New technology sometimes needs new laws — and in Nova Scotia, it looks like the government is taking cyber-bullying very seriously indeed. The province has introduced a new anti-cyber-bullying after the suicide of teenager Rehtaeh Parsons.
Rehtaeh, who was 17, hung herself after she was reportedly sexually assaulted and photographs from the assault were posted online.
There are still many unanswered questions in the case and no charges have been laid.
But one of the offshoots of the tragedy is Nova Scotia’s Bill 61, the Cyber-Safety Act.
The act is only in first reading, but it already has opposition support.
And some of its conditions are well worth taking note of. Not only does the law provide for court action halting bullying through prevention orders, fines up to $5,000 and even jail time of up to six months, it also hits cyberbullies (and by extension, their parents, if the bullies are minors) where it really hurts: the legislation provides the groundwork to force Internet providers to “out” anonymous users, and then enables the bullied to sue for damages.
The court would be able to grant an order requiring companies to provide: “any information that may help identify a person who may have used an Internet Protocol address, website, username or account, electronic-mail address or other unique identifier, that may have been used for cyberbullying, any information that may help identify a device capable of connecting to an Internet Protocol address that may have been used for cyberbullying, cellular telephone records, inbound and outbound text messaging records, Internet browsing-history records, and other records that would assist in investigating the complaint.”

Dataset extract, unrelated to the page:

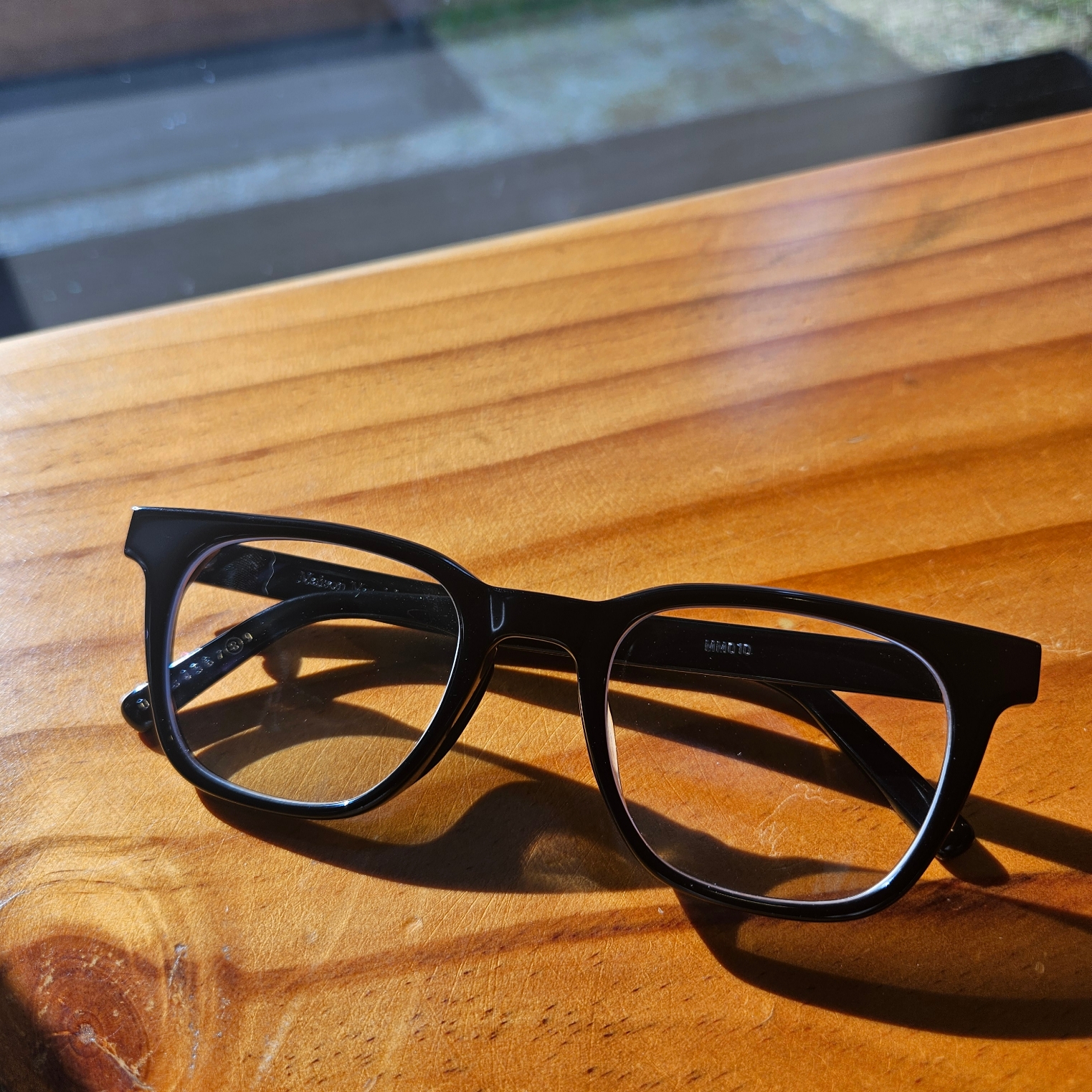 Gentle Monster x Maison Margiela MM010 Clear Black 착용 스타일 - 2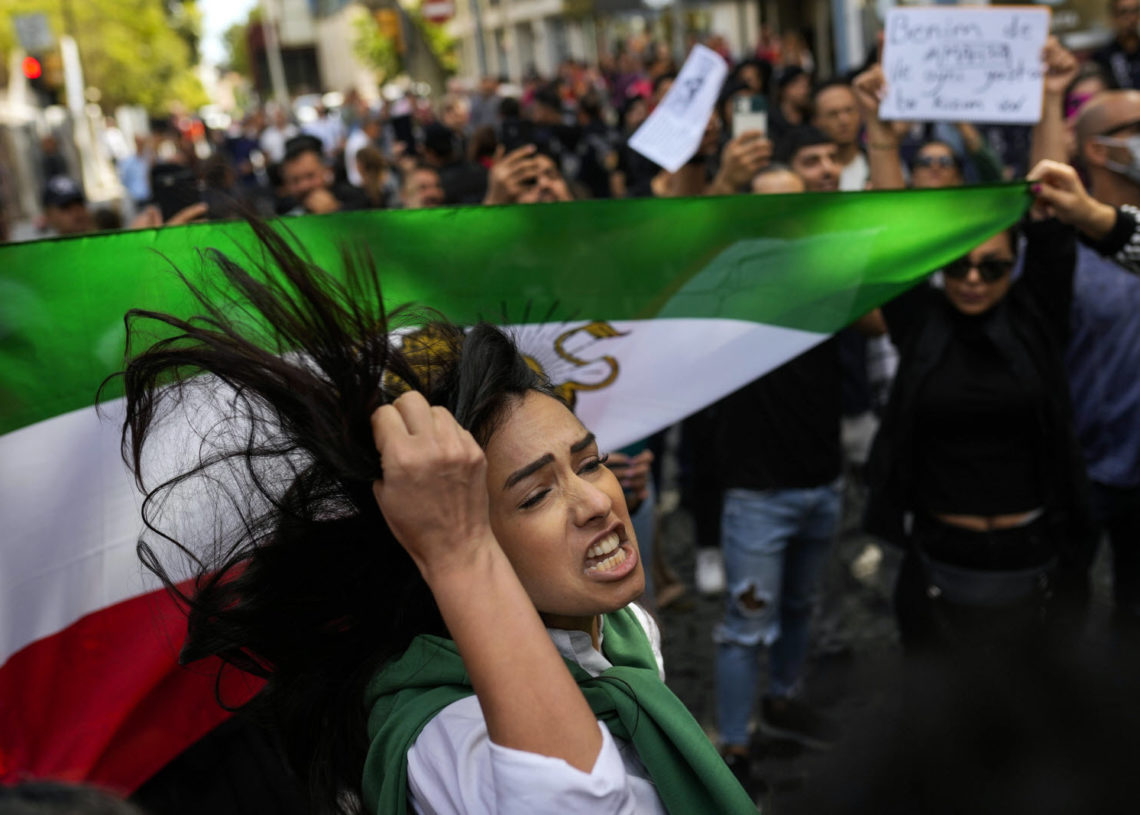 Iran : la colère de tout un peuple et le massacre.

It is a broad brush and one that carries substantial penalties for bullies and, potentially, for their parents as well.
It remains to be seen what the law will look like in its final form, and how well it will stand up against legal challenges of its powers. But it does provide a small ray of hope.
Any parent whose children have been bullied, stalked or humiliated over electronic media can tell you how devastating the effects can be. Children or teens who have no idea who is attacking them or when it will stop, forced to look over their shoulders constantly and wonder just who might be the instigator of the attacks. It may be a faceless crime; it certainly isn’t a victimless one.

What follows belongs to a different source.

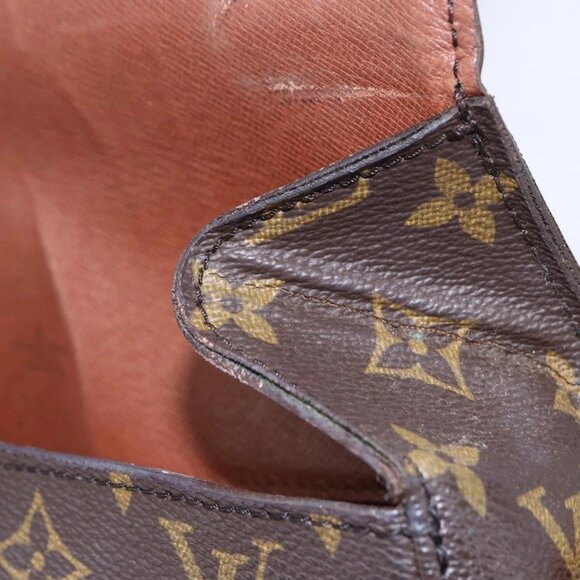 LOUIS VUITTON Monogram Saint Cloud GM Shoulder Bag M51242 LV Auth 146821 - Picture 11 of 16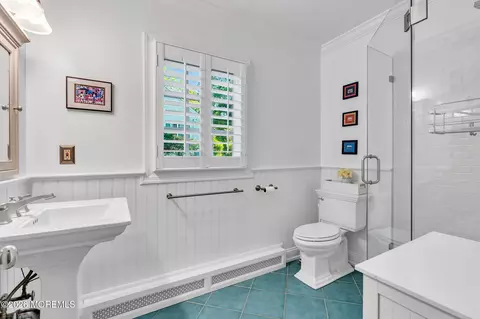 Bath - 15 Circle Dr, Rumson, NJ 07760 photo 3 of 4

And while no law will ever rid the world of bullies — we have too many, even among the highest offices in the land — this is a good step, and one that other provinces should look at enacting.
Perhaps if there are clear consequences — and consequences that are applied enough times for perpetrators to recognize that they are running a clear risk and that the anonymity of the web
doesn’t really exist when law enforcement gets involved — people will think twice before using new tools in an age-old and despicable practice.